[Start of section]
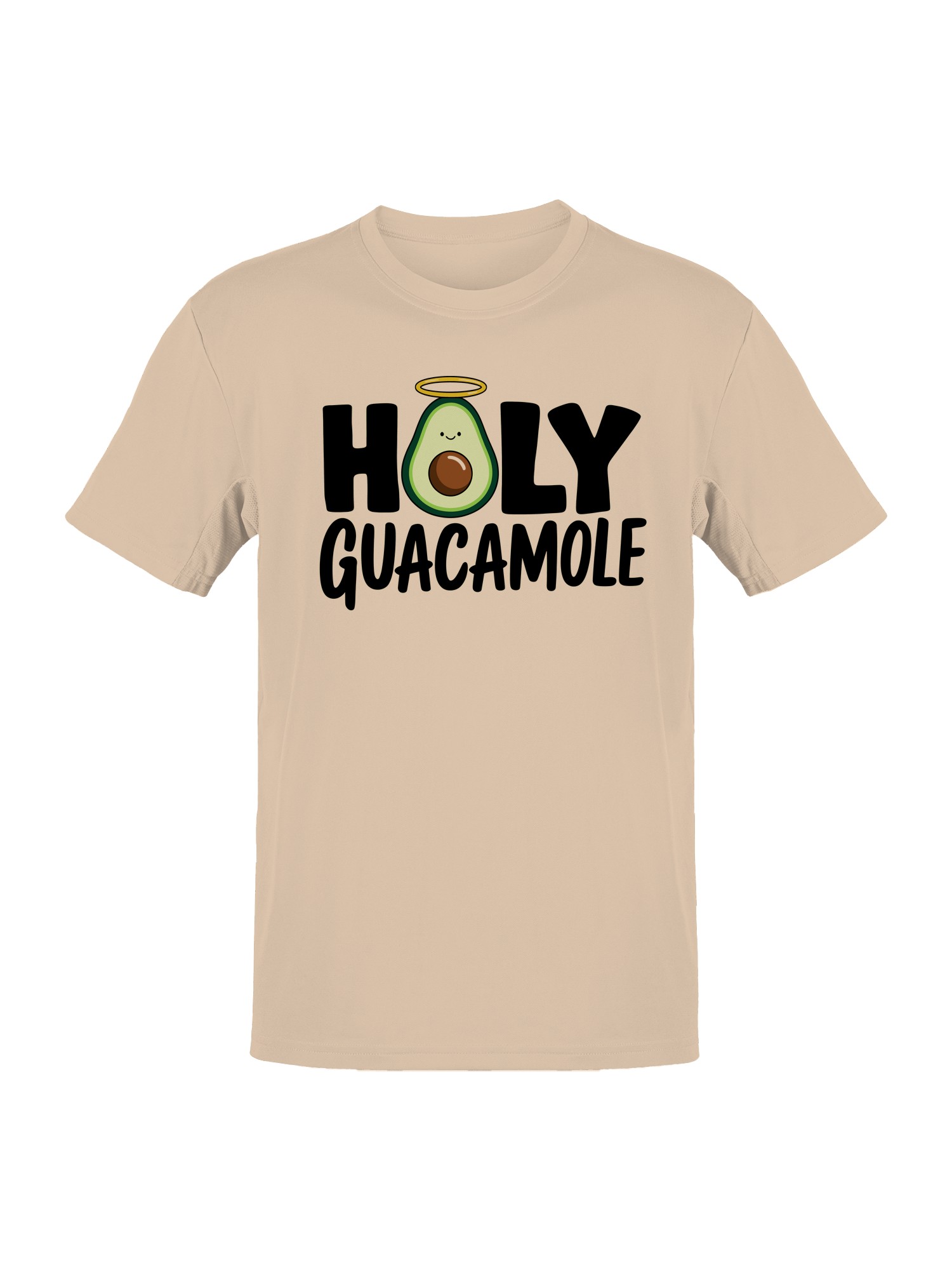 Holy Guacamole Avocado Halo Men’s T-shirt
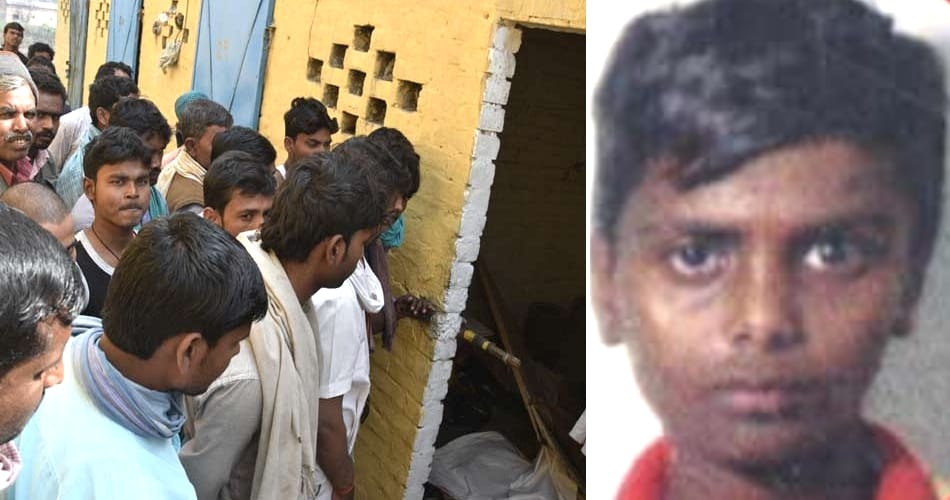 Murder in panipat, supervisor son killed by worker, panipat news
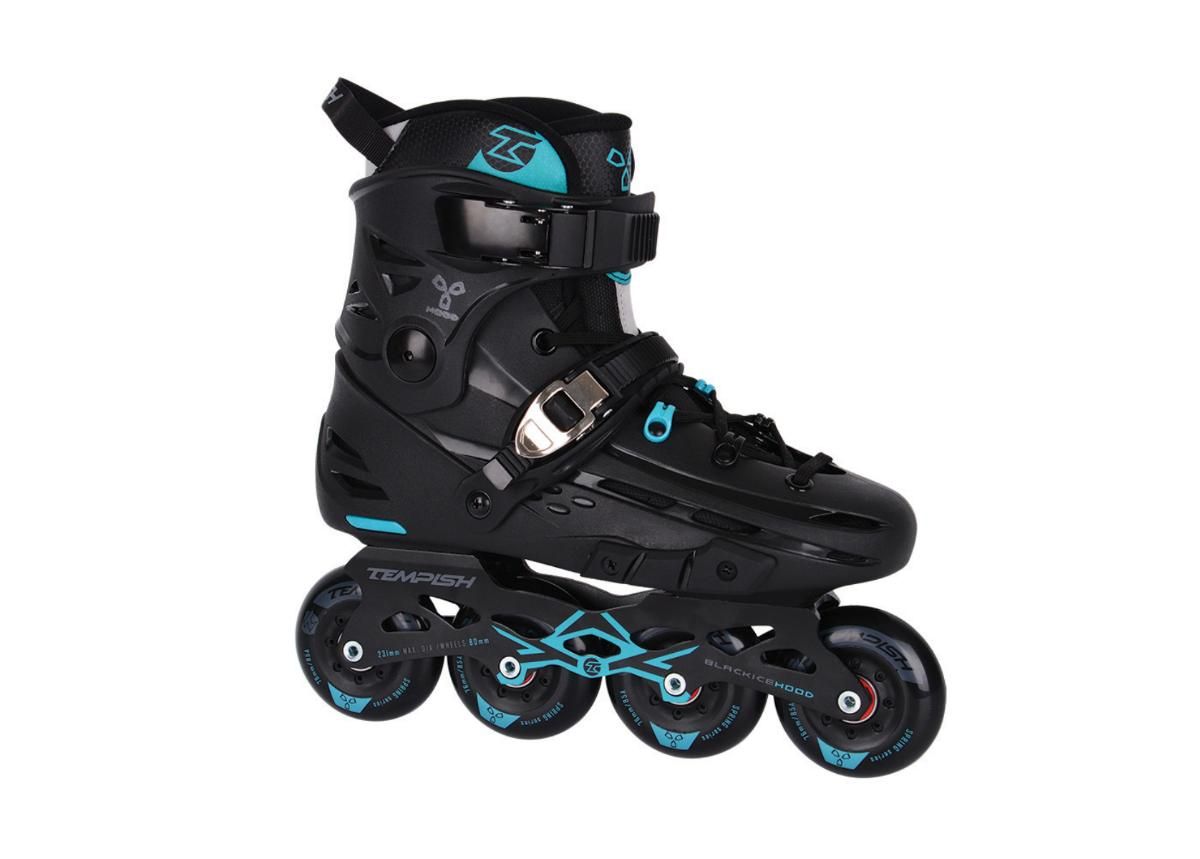 Rulluisud trikitamiseks meestele BLACK ICE HOOD Tempish suurendatud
[End of section]
**Work instruction**
No pictures belong in the output. It should reproduce exactly the lines from the one containing "Murder in panipat, supervisor" through the end of the data, both ends included.

**Result for this task**
 Murder in panipat, supervisor son killed by worker, panipat news
 Rulluisud trikitamiseks meestele BLACK ICE HOOD Tempish suurendatud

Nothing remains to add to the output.